═════ Material for this exercise ═════
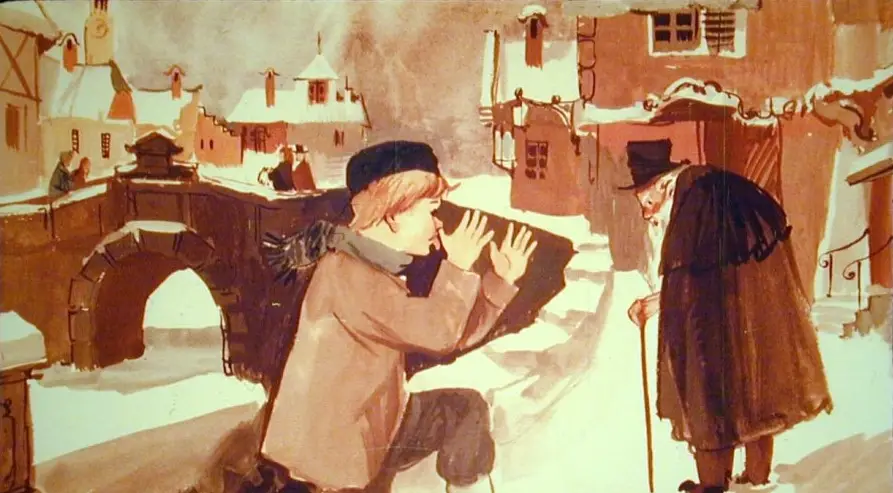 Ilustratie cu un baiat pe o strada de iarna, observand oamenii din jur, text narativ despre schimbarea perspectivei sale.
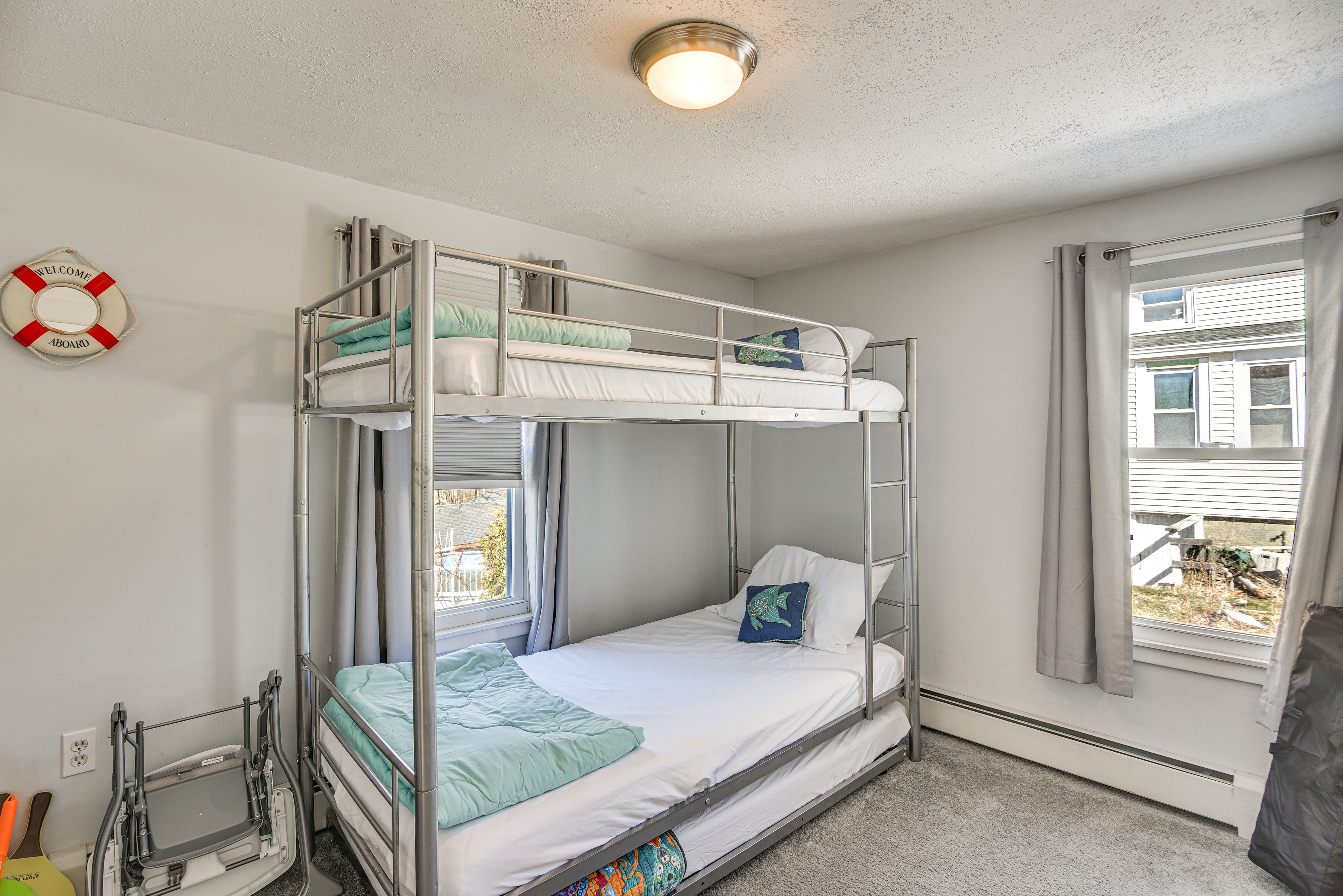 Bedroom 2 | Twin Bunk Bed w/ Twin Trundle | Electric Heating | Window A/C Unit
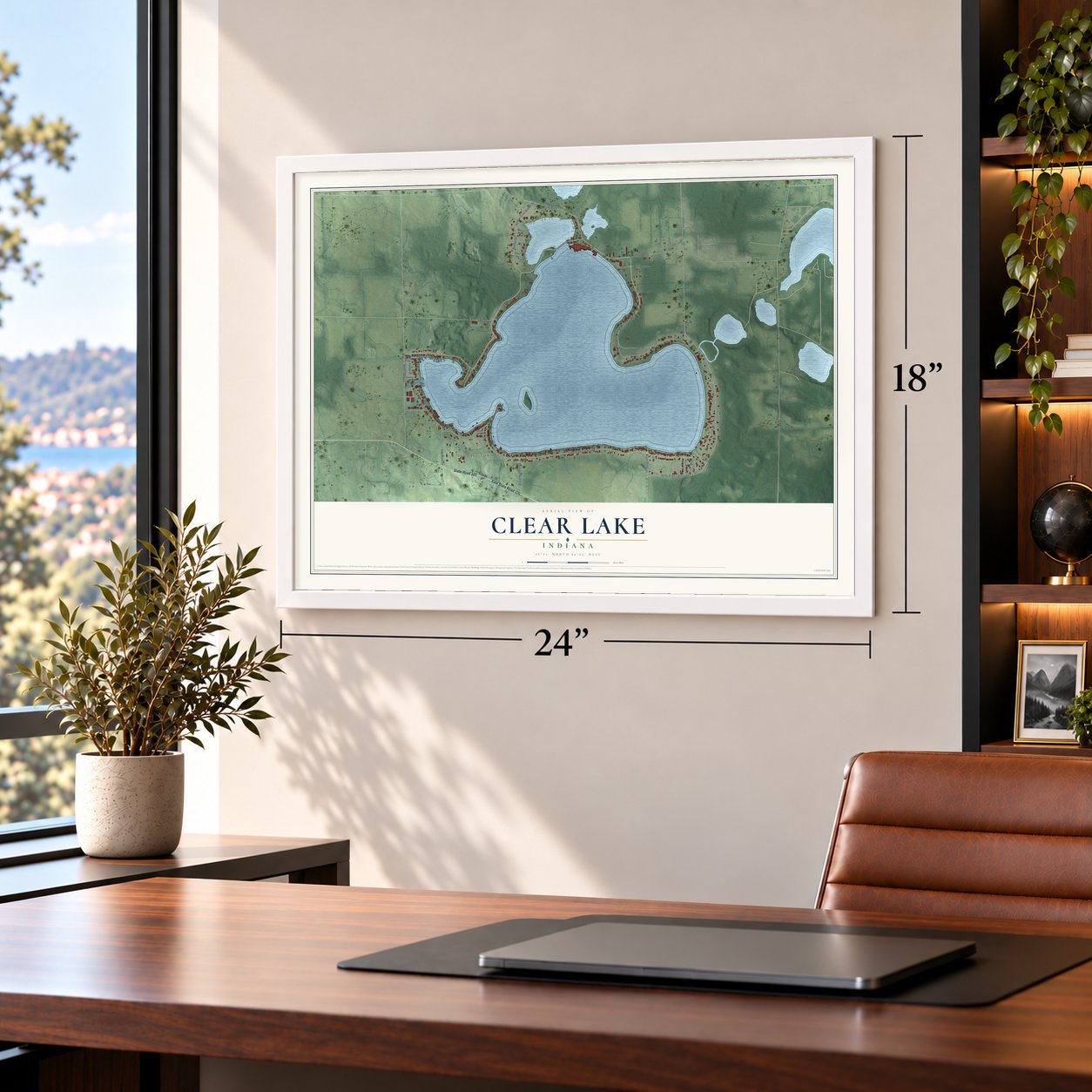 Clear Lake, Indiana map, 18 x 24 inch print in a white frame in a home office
═════
═════ Material for this exercise ═════
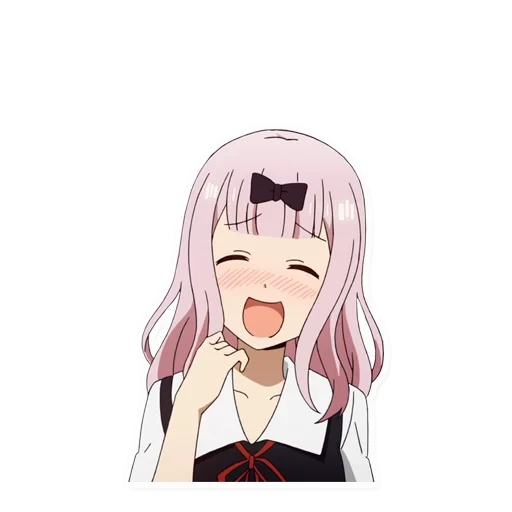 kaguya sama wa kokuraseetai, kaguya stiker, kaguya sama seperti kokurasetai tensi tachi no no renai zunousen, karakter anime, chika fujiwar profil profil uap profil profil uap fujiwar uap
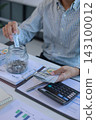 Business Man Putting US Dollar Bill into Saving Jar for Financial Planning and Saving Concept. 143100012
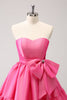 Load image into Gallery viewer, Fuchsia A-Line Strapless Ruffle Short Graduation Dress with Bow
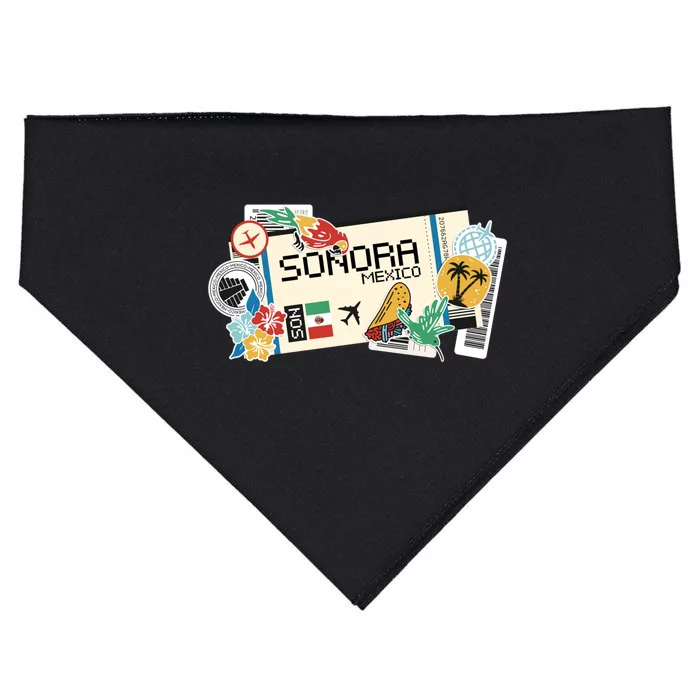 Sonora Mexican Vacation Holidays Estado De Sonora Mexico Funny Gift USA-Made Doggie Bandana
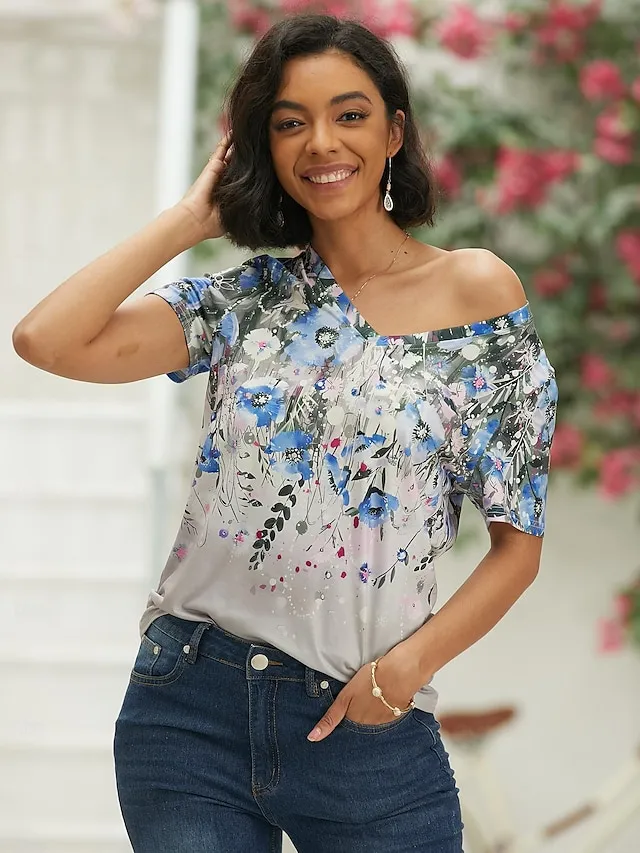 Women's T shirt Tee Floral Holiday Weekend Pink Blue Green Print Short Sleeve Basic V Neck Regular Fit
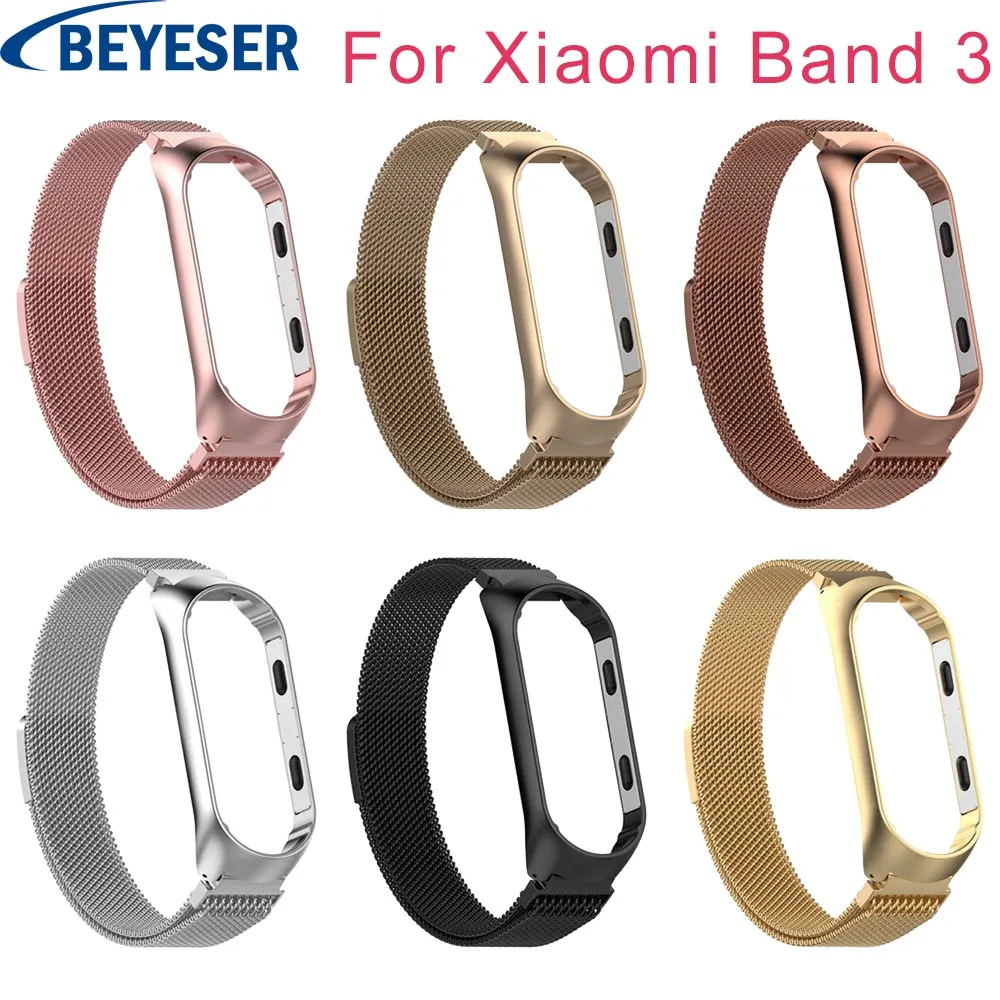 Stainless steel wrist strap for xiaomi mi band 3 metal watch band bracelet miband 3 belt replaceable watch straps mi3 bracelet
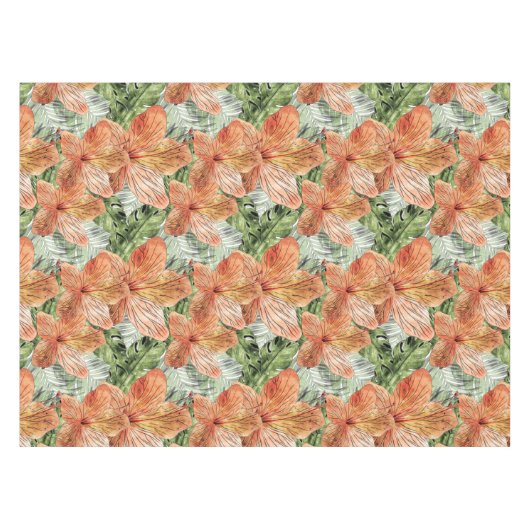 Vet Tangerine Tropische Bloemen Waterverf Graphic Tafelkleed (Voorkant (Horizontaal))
═════
— Task goal —
The reply should hold exactly the lines above, starting at the line with "Ilustratie cu un" and ending at the line with "Clear Lake, Indiana", and no pictures.

— Task response —
 Ilustratie cu un baiat pe o strada de iarna, observand oamenii din jur, text narativ despre schimbarea perspectivei sale.
 Bedroom 2 | Twin Bunk Bed w/ Twin Trundle | Electric Heating | Window A/C Unit
 Clear Lake, Indiana map, 18 x 24 inch print in a white frame in a home office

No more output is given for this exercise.